The People argued that the italicized language only meant that defendant could oppose any petition for revocation of outpatient status, and had nothing to do with defendant’s agreement not to seek restoration of sanity for four years. The court agreed and denied reconsideration.
II. DISCUSSION
Defendant challenges the revocation of his outpatient status and the denial of a hearing on his 2005 petition for restoration of sanity.
1. Revocation of Outpatient Status.
Outpatient status may be revoked at the request of the outpatient treatment supervisor under the terms of section 1608, i.e., if the outpatient needs inpatient treatment or refuses outpatient treatment and supervision. Outpatient status may also be revoked at the request of the prosecutor under section 1609, based on the prosecutor’s opinion that the outpatient is a danger to the health and safety of others.
Section 1608 does not require a showing of dangerousness. It focuses on the treatment of the outpatient, while section 1609 is concerned with the safety of the community. (See People v. DeGuzman (1995) 33 Cal.App.4th 414, 419-420 (DeGuzman); In re McPherson (1985) 176 Cal.App.3d 332, 339-340.)
Although section 1608 does not require a showing of dangerousness by its plain terms, defendant argues that such a showing is constitutionally mandated. He relies on various cases which recognize that the Constitution requires a showing of dangerousness for civil commitment of the mentally ill. (See, e.g., Kansas v. Hendricks (1997) 521 U.S. 346, 357-358; Foucha v. Louisiana (1992) 504 U.S. 71, 75-77.) But in the case of an NGI committee, the finding of dangerousness is implicit in the NGI determination, and is dispelled by a finding under section 1026.2 that “sanity has been restored, which means the [committee] is no longer a danger to the health and safety of others, due to mental defect, disease, or disorder.” (§ 1026.2, subd. (e); see In re Locks (2000) 79 Cal.App.4th 890, 897.)

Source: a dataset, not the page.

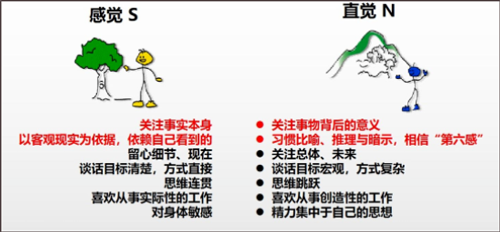 MBTI职业性格测试app_生活实用_第2张_99下载站 MBTI职业性格测试app_https://www.99ziyuan.net_生活实用_第2张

Given the overarching determination of dangerousness in an NGI case, we know of no constitutional requirement of a separate dangerousness determination under section 1608. The statute merely gives the outpatient treatment supervisor flexibility in administering the outpatient’s performance in what is essentially a probationary context. (See DeGuzman, supra, 33 Cal.App.4th at pp. 419-420.) Revocation deprives the outpatient of only “a conditional liberty to which he is entitled only if he observes special restrictions.” (Ibid.)

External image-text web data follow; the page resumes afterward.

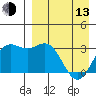Dutch Harbor tide chart for Thursday, April 13, 2023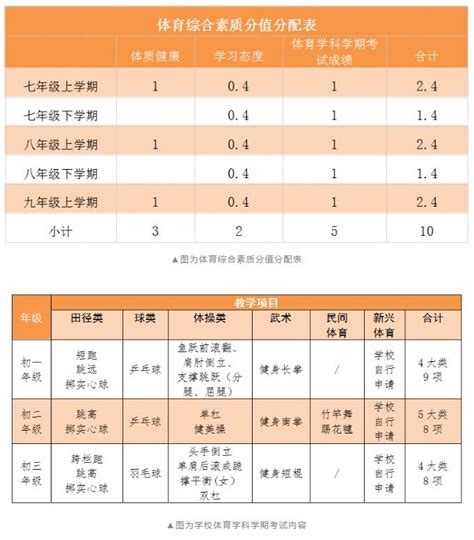 2024年贵阳各高中高考成绩排名及放榜最新消息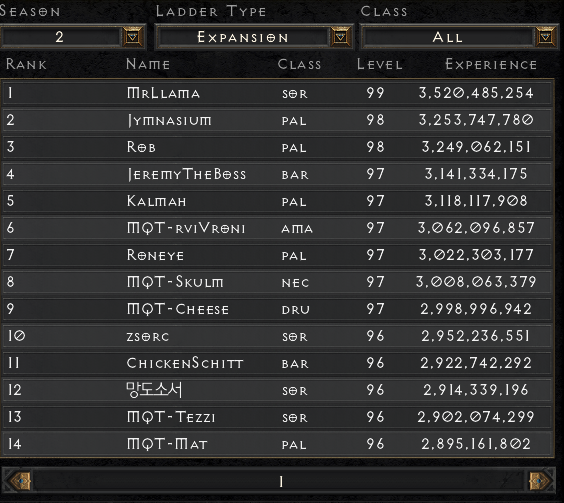 MrLlamaSC's tweet photo. 122 hours and 23 minutes later...
GG!!!!!!! FASTEST 99! Thanks @Diablo for the fun new zones and changes <3 https://t.co/2p7EKXFFo9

Defendant also contends the revocation order is not supported by substantial evidence. The facts set forth above demonstrate that substantial evidence supports revocation of outpatient status on the grounds set forth in section 1608.
We do not address Argument III in the appellant’s opening brief because it is conditioned on our finding that the revocation was erroneous.

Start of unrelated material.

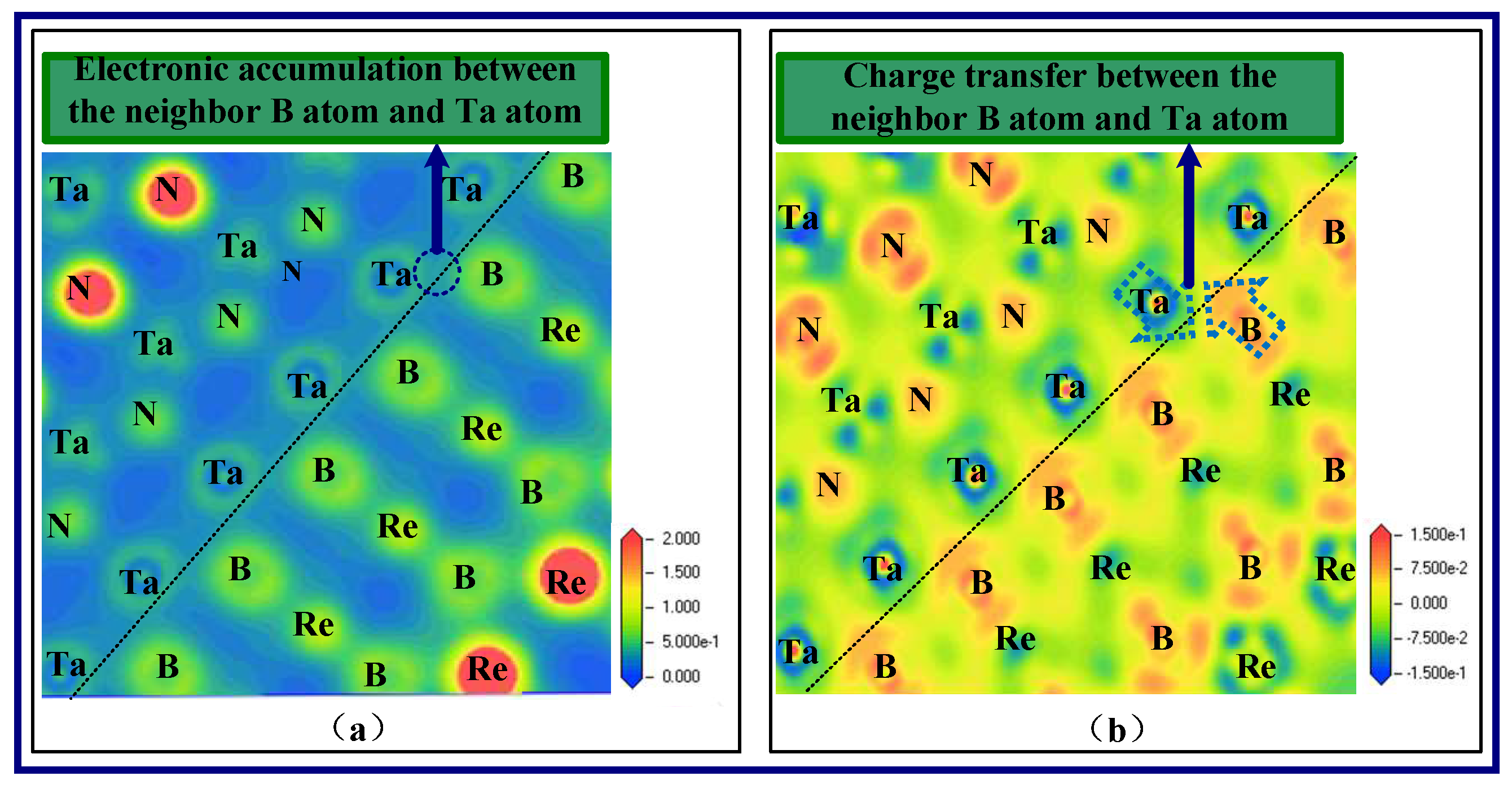 Nanomaterials 08 00421 g009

2. Denial of a Hearing on the Restoration Petition.
This issue is simply resolved. By clear and express terms, defendant agreed to forbear from filing any petition for restoration of sanity until September 24, 2007. The statements of counsel at the hearing on September 24, 2003, do not qualify that agreement, but only recognize defendant’s right to oppose revocation of outpatient status. Thus, defendant had no right to a hearing on his 2005 petition for restoration of sanity.
Defendant cites a transcript of a 2005 review hearing at which the judge seemed to indicate he had a right to file a restoration of sanity petition. The judge, who did not preside at the September 24, 2003, hearing, apparently was not entirely familiar with defendant’s case. Defendant’s claim of judicial estoppel is without merit.
III. DISPOSITION
The orders revoking outpatient status and denying a hearing on the 2005 petition for restoration of sanity are affirmed.
We concur: Swager, J., Margulies, J.